Action item:
Leave the pictures out and reproduce, exactly, the lines from the one with "Dogs Never Lie-Dean" through the end of the entries below.

(Saved entries)
_ _ _ _ _ _ _
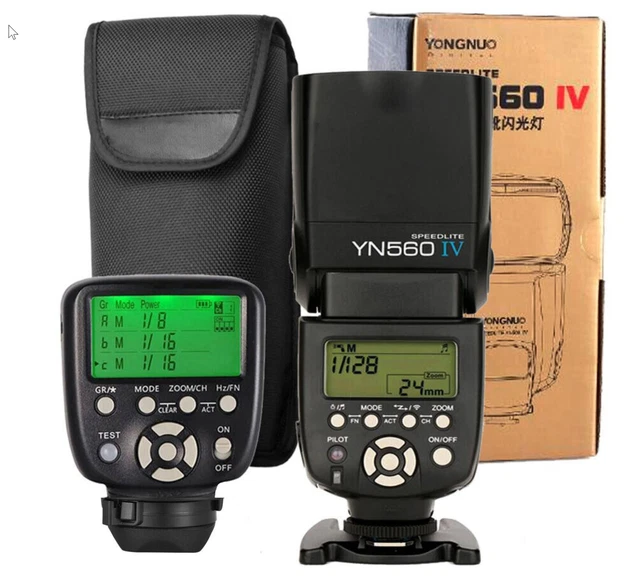 Yongnuo Speedlite YN-560IV Flash with YN-560 II Wireless Flash Controller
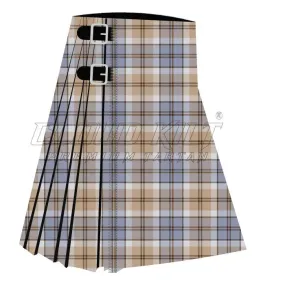 Bannockbane Grey Two Premium Tartan Kilt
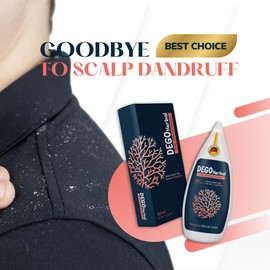 DEGO HERBAL Deep Refresh Zizyphus Scalp Care Shampoo – Gentle Cleanse for Healthy-Looking Hair 2.7 Fl Oz. Natural extract from tree bark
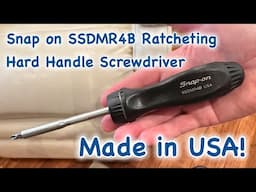 Snap on SSDMR4B Ratcheting Hard Handle Screwdriver USA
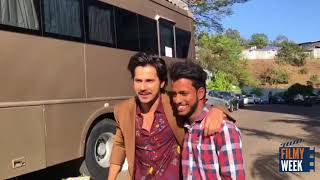 Watch Varun Dhawan in a Fun Mood!!! | BOLLYWOOD | OCTOBER Video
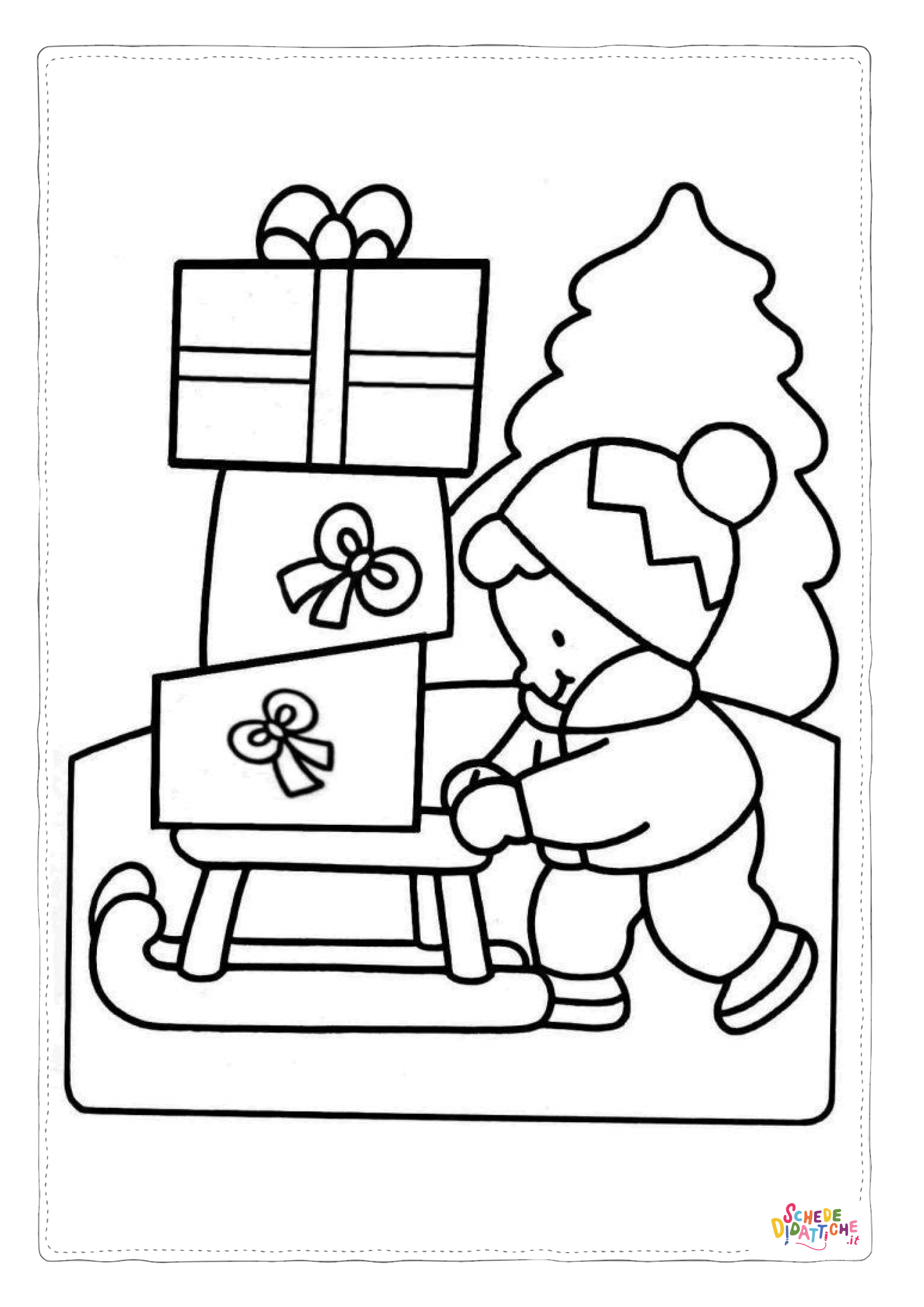 Disegno "Disegno di regalo da stampare e colorare 31" Disegno di regalo da stampare e colorare 31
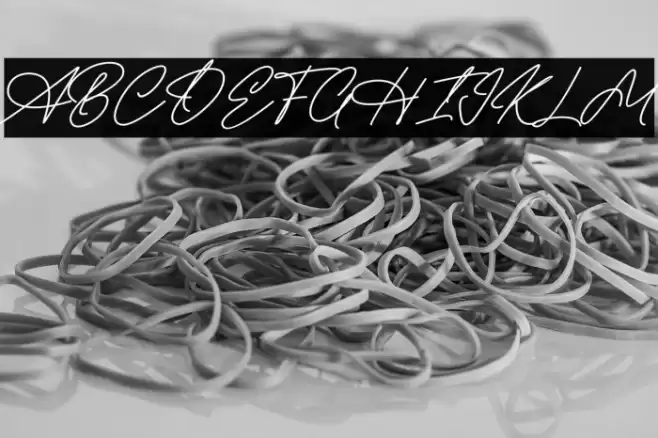 Radhion Signature Caratteri examples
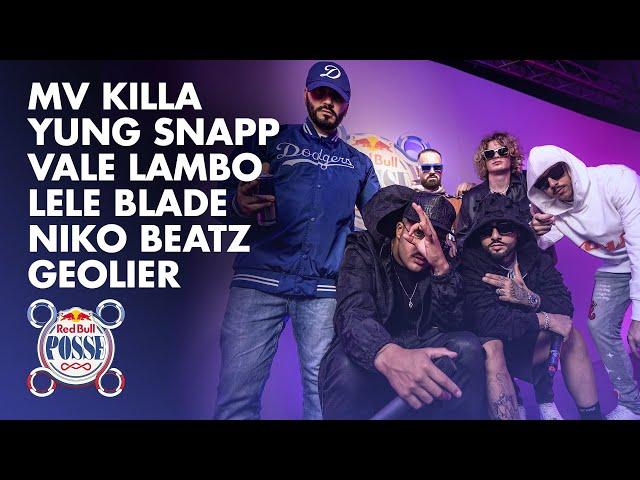 MV Killa x Yung Snapp x Vale Lambo x Lele Blade x Niko Beatz x Geolier | Red Bull Posse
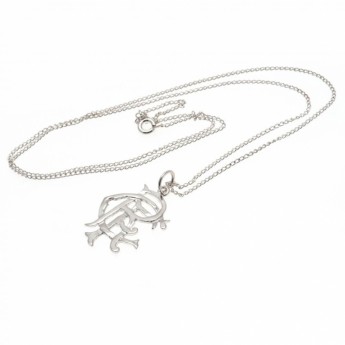 FC Rangers řetízek na krk s přívěškem Sterling Silver Pendant & Chain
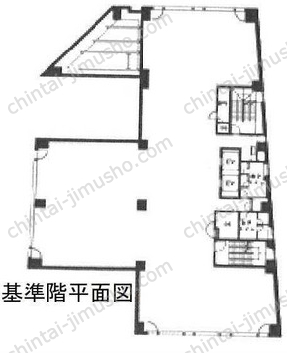 麹町センタープレイス3階の間取図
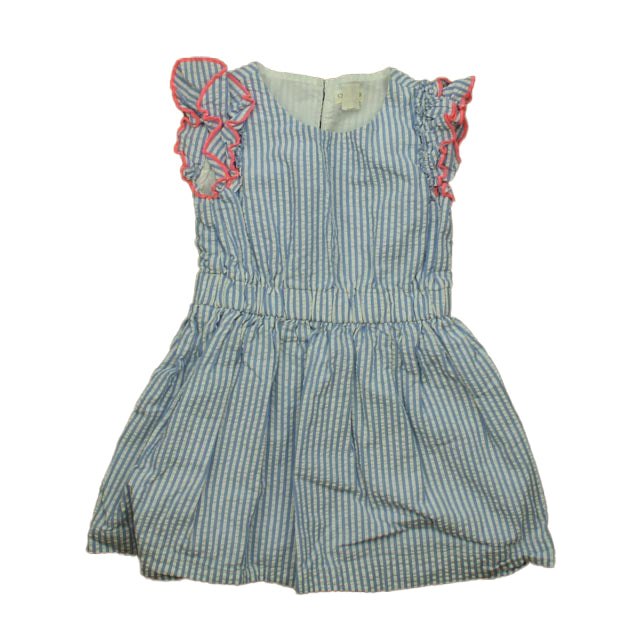 Crewcuts Girls Blue | White Dress 7805826039868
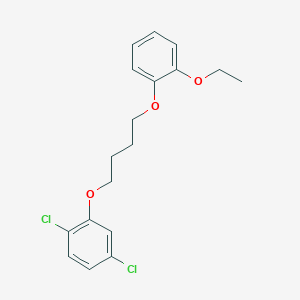 molecular formula C18H20Cl2O3 B5083201 1,4-dichloro-2-[4-(2-ethoxyphenoxy)butoxy]benzene 
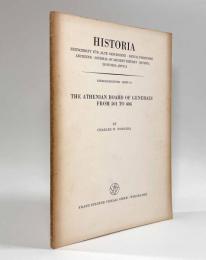 【洋書】The Athenian Board of Generals from 501 to 404〈Historia〉（501年から 404年までのアテナイ将軍会議）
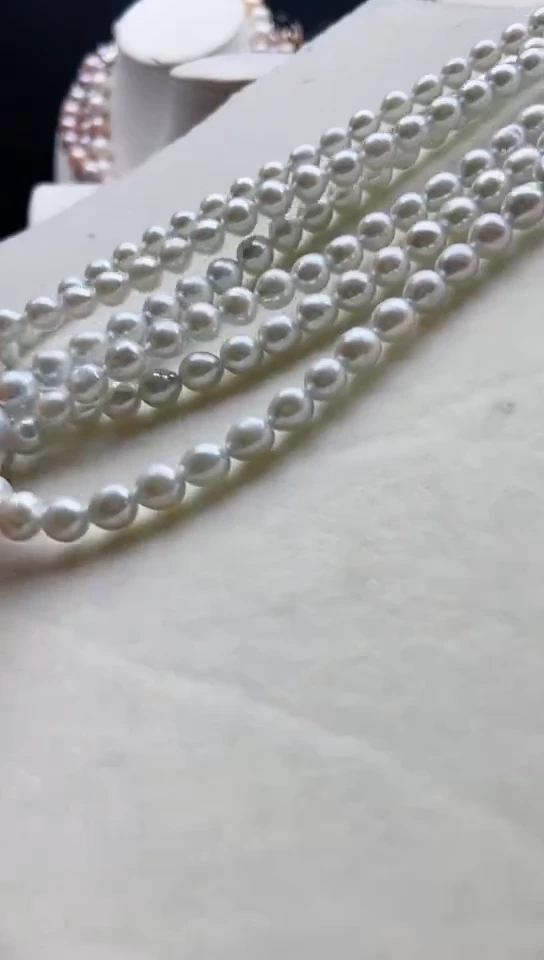 淡水珍珠未镶嵌颈饰1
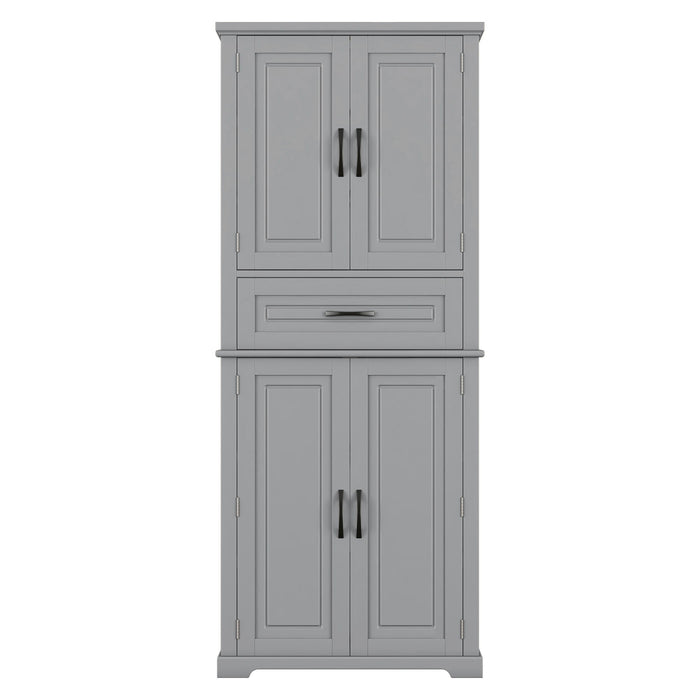 Bathroom Storage Cabinet With Multifunctional Storage Space, Drawer With Slide Rails, Adjustable Shelf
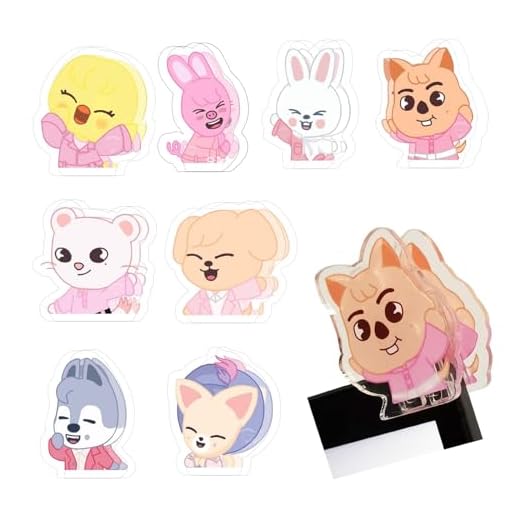 8pcs Stray-Kids Hair Clips Set,Stray-Kids Merch multifunctional Clips Badges for Backpack Bag Book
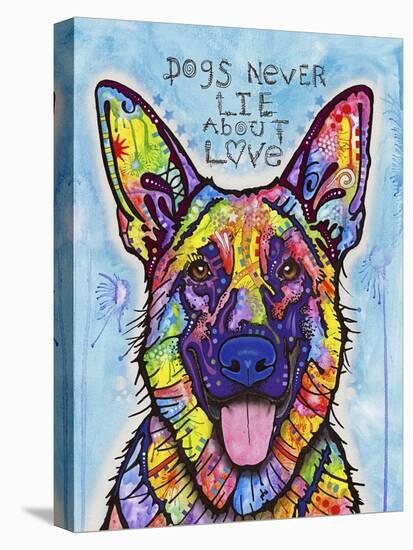 Dogs Never Lie-Dean Russo-Premier Image Canvas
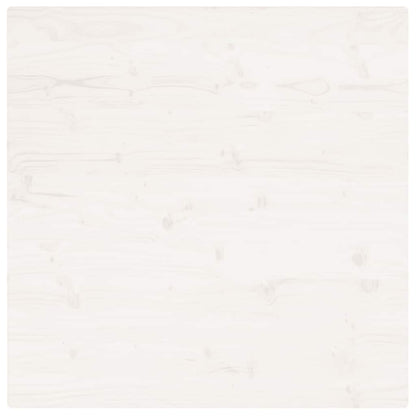 Tampo de mesa quadrado 70x70x2,5 cm pinho maciço branco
_ _ _ _ _ _ _
Exercise output:
 Dogs Never Lie-Dean Russo-Premier Image Canvas
 Tampo de mesa quadrado 70x70x2,5 cm pinho maciço branco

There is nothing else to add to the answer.